Cryptocurrencies promised a revolution. According to their many libertarian supporters, the creation of these currencies by blockchain technology would end the tyranny of the state in monetary affairs. 

In future, as computers and mobile phones became barely distinguishable, people would be able to make all their payments over these personal devices. They would give instructions that amounts of the various tokens — bitcoin, ethereum, tether, polkadot, troin or whatever — be transferred between different accounts in blockchain records. The transfers would have just the same effect as those between bank accounts in the old days. 

Traditional currencies had been issued by central banks backed by government, with their validity in settlement enforced by legal tender laws. Also known as “fiat currencies” (said to be from the Latin fieri, meaning “coming into existence”), they had relied for their value on the arbitrary enactments of politicians and bureaucrats. They could not be converted into something of definite worth, like gold or silver. 

Invariably, one nation had only one fiat currency, which it was argued represented a dangerous monopoly. Because citizens had no choice, the politicians and bureaucrats could steal from them by over-issuance, debasement and inflation. 

In the new world, all would be different. Choice would be unfettered and absolute. Bitcoin and its rivals would compete, and the “discovery process” unleashed by market forces would identify the best currency (or currencies). Entrepreneurs could tweak the various new currencies so that they would differ from each other in crucial respects. In the context of unparalleled market freedom, consumers would select the tokens with the most desirable characteristics. The dollar, the euro and the rest would be superseded. 

You may chuckle. On New Year’s Day, 2023) the CoinGecko website reported that the 12,811 coins it tracked had a combined market capitalisation of $829 billion. It also noted the melancholy fact that this was more than 65 per cent lower than a year earlier. The peak market capitalisation was in November 2021, at almost $3,100 billion. The fall from that peak is no less than 75 percent. 

Can it be overlooked that when an attempt is made to assess the size of the crypto market, the measuring rod is an old-fashioned fiat currency, the dollar? 

Admittedly, the visionaries did project a huge market in which cryptocurrencies would be bought and sold for each other, and one of them might emerge as the best of the lot. Crypto exchanges were promoted, with this end in view. 

In January last year the most prominent of the exchanges, ftx, secured $400 million in its third funding deal in nine months. That funding round gave the business a value of $32 billion and was the last in a sequence that altogether raised $2 billion. 

… the numbers do not add up

FTX is now bust. Despite the magic of blockchain accounting, the numbers do not add up. Not only has the original $2 billion gone astray, but a few billions more have vanished to no one knows where. The regulators are having difficulty making sense of the operations of the so-called “exchange”, though it appears at this early stage that the frauds were simple. For example, money was moved from customers’ accounts to those of ftx principals. 

All the same, the Financial Times of 28 December carried an article under the title, “Fees of high-priced lawyers mount in crypto bankruptcies”. 

It needs to be recalled that modern capitalist economies face a crisis in productivity.
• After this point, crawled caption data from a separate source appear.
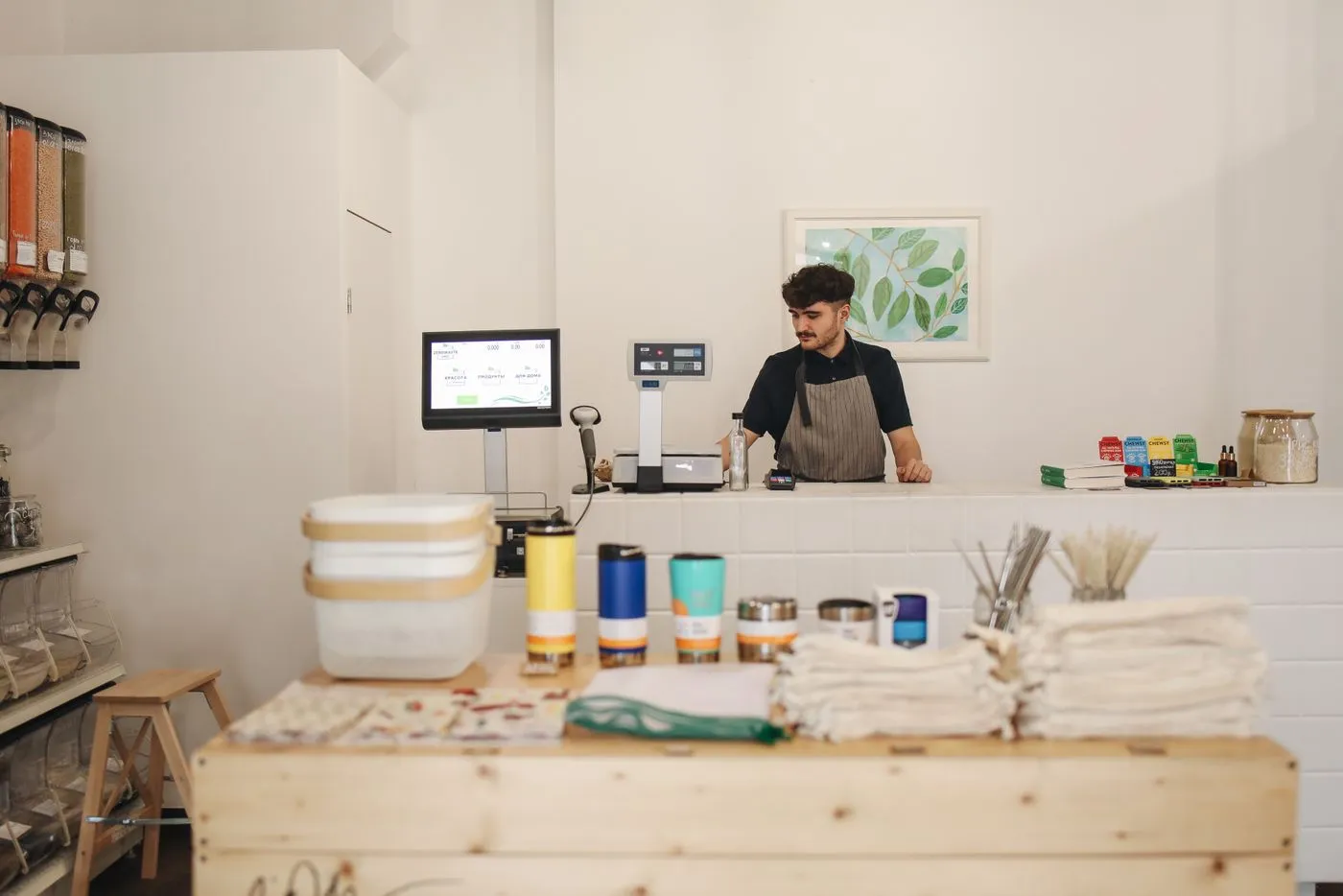 A shop owner behind the counter of his refill store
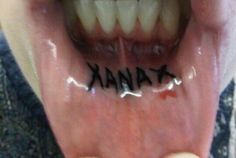 a person holding their mouth open with the word think written on it's tongue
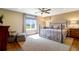 Main bedroom with large window, hardwood floors, and a ceiling fan at 3350 Seabrook Island Rd, Seabrook Island, SC 29455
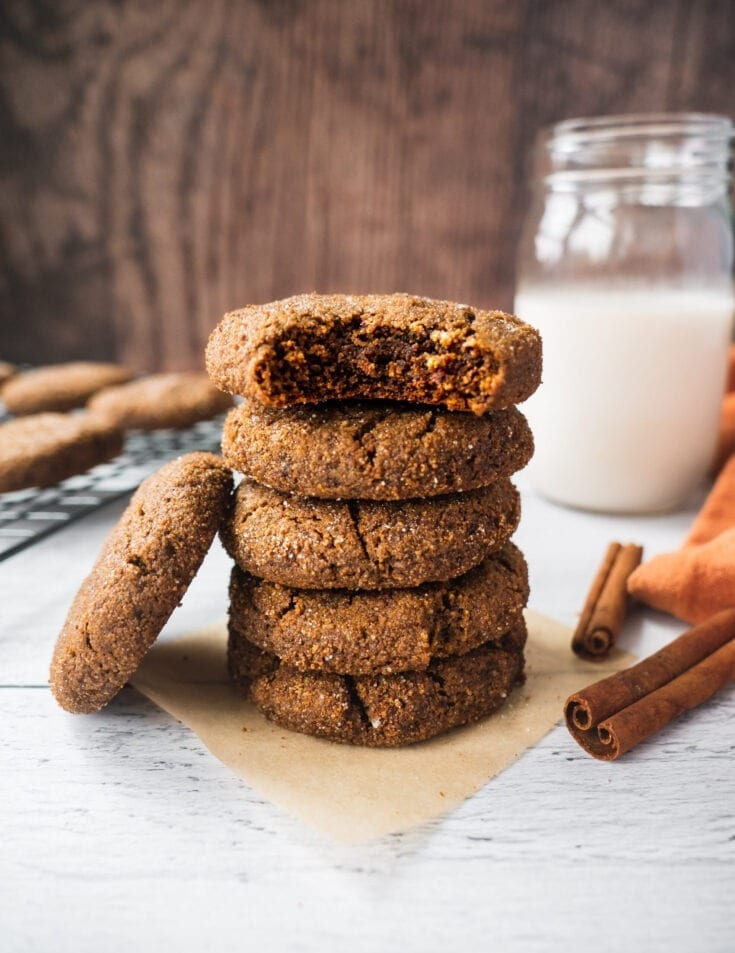 A stack of paleo ginger bread cookies with a glass of milk and cinnamon sticks in the background. The top cookie has a bite in it. The texture is chewy and soft.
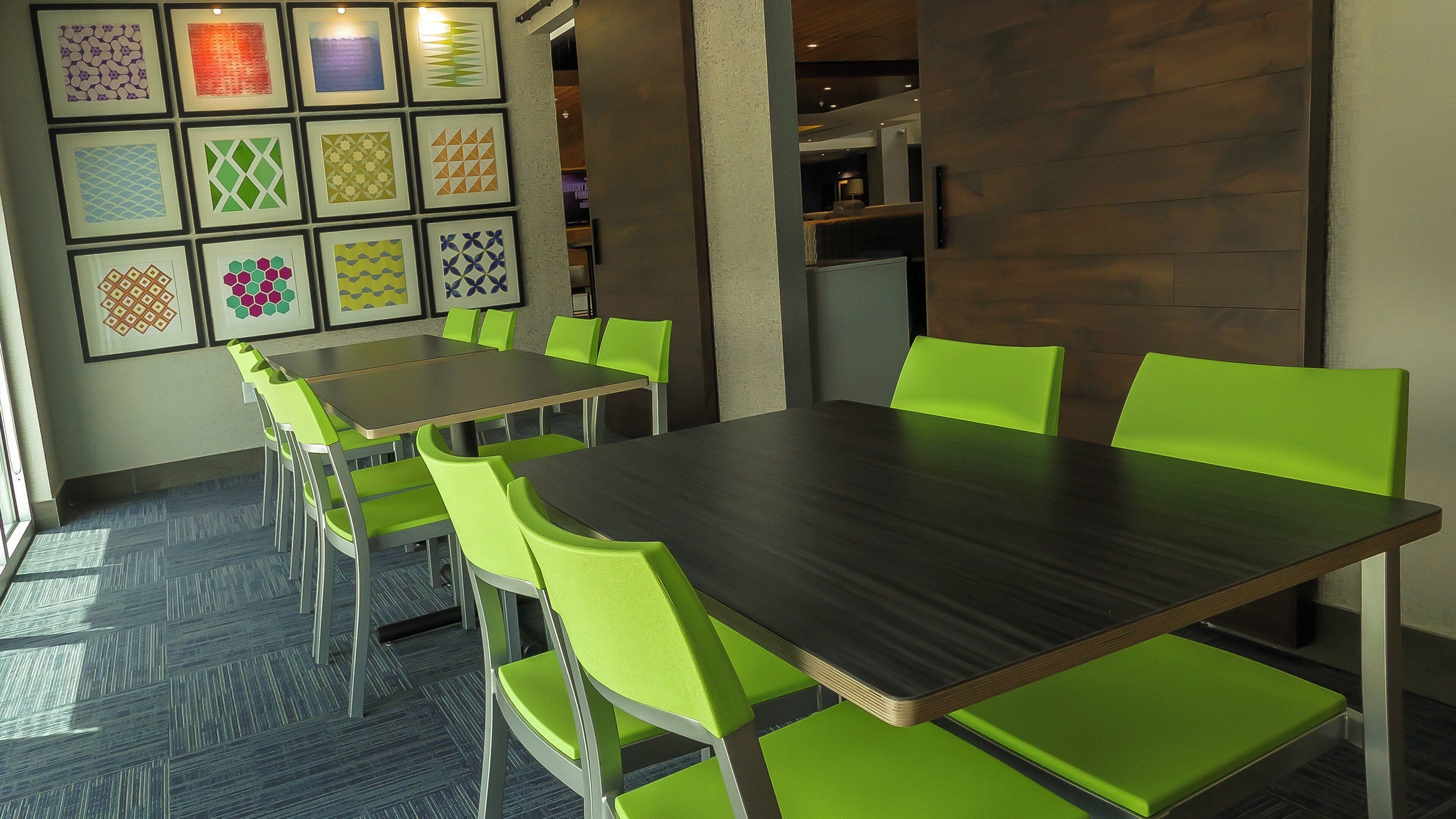 Une salle de conférence avec une table rectangulaire et six chaises vertes, un mur à motifs et un sol recouvert de moquette.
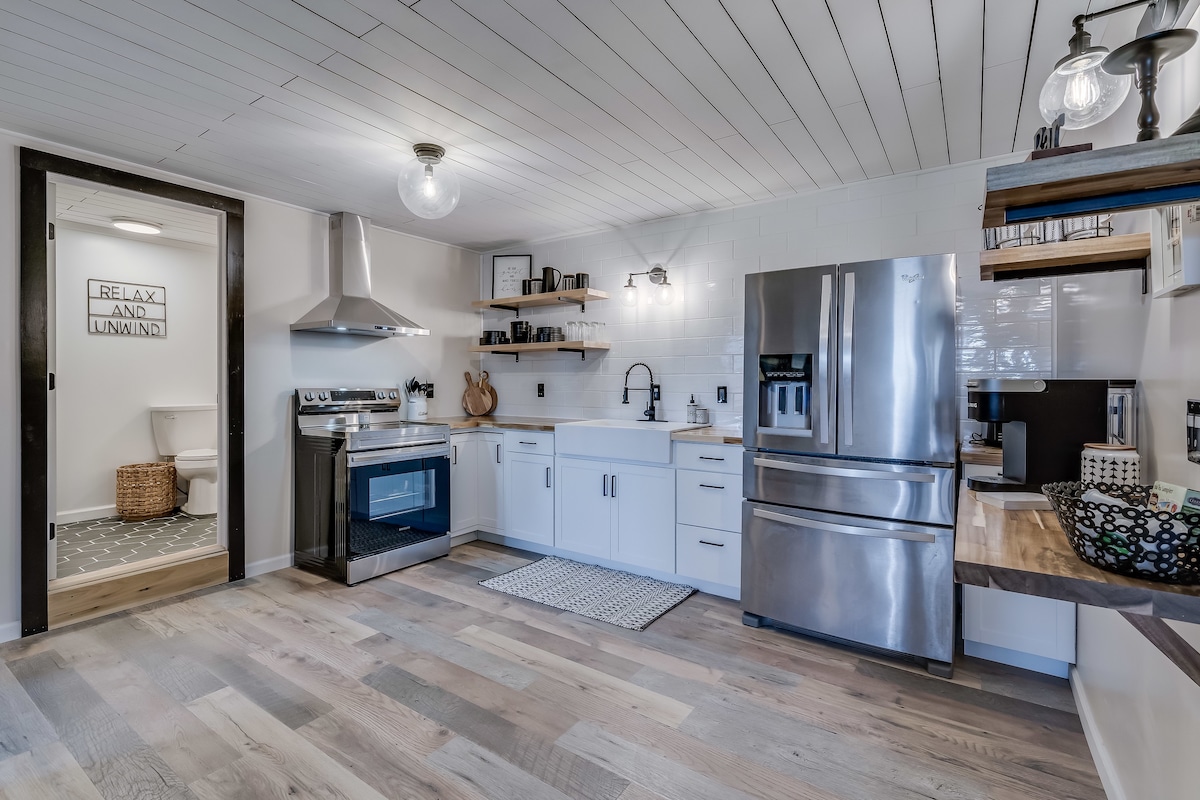 A modern kitchen features stainless steel appliances, including an oven and refrigerator. Open shelving displays decorative items, while white cabinets provide ample storage. The space is complemented by a striped rug and warm wooden accents, enhancing functionality and style in the kitchen area.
In several advanced nations, including Britain, the growth rate of output per person are at the lowest levels in decades. Can the crypto idealists explain how trading in ethereum, polkadot, troin and the rest adds to the wealth, health and happiness of nations? 

Can the prophets tell us how such trading, along with the attendant legal and regulatory farrago, boosts living standards? 

To put an obvious if naive question, do transactions in cryptocurrencies constitute national output at all? 

2023 will be a difficult year for the world economy, but one positive development is easy to forecast: the crypto madness of the last few years will fade. The movers, shakers and hangers-on in this alleged “industry” will direct their efforts to more productive activities and allocate their time to more useful work. 

Will there be longer-term consequences? One issue here is the status of Hayek’s proposal for the denationalization of money. In a 1976 pamphlet Hayek advocated the abolition of legal tender laws and the dissolution of central banks. 

The pamphlet purported to be an analysis of the theory and practice of what were called “concurrent currencies”.

Arguably, Hayek’s concurrent currencies and crypto coins come to much the same thing. More than one enthusiast has invoked the Austrian economist’s ideas to justify crypto mania. 

Hayek once said he was not a conservative. That certainly rings true in the monetary field. He would be better described as a Trotskyite who repudiated established institutions and championed permanent revolution. Great thinkers have their Eureka moments, and their occasional bad days.